▶ _Supplied data_
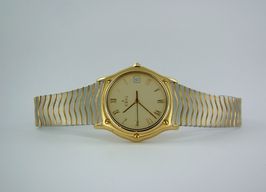 Ebel Classic - (Unknown (random serial)) - Champagne dial 35 mm Yellow Gold case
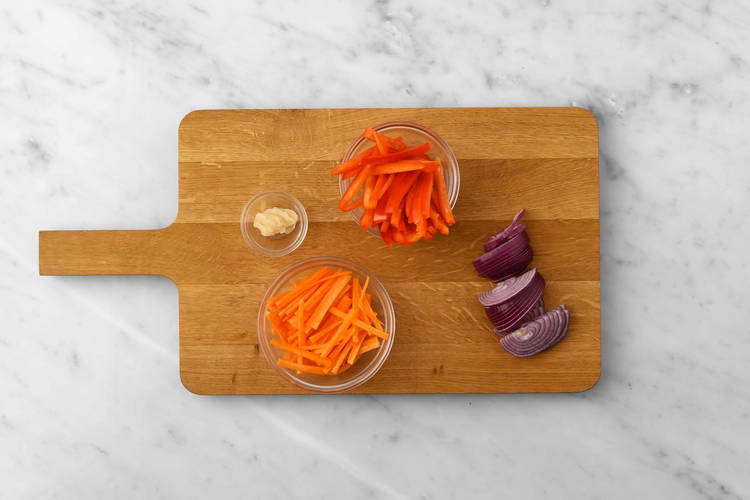 Forbered grøntsager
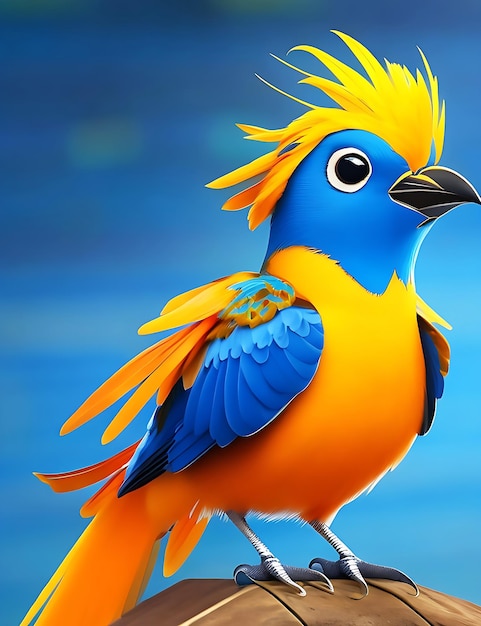Фото Цветная птица из мультфильма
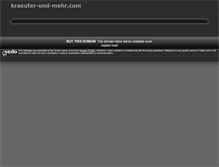 Tablet Screenshot of kraeuter-und-mehr.com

▶ _How to complete this task_
Keep every word of the material exactly as given. Drop the pictures.

▶ _Answer to this exercise_
 Ebel Classic - (Unknown (random serial)) - Champagne dial 35 mm Yellow Gold case
 Forbered grøntsager
Фото Цветная птица из мультфильма
 Tablet Screenshot of kraeuter-und-mehr.com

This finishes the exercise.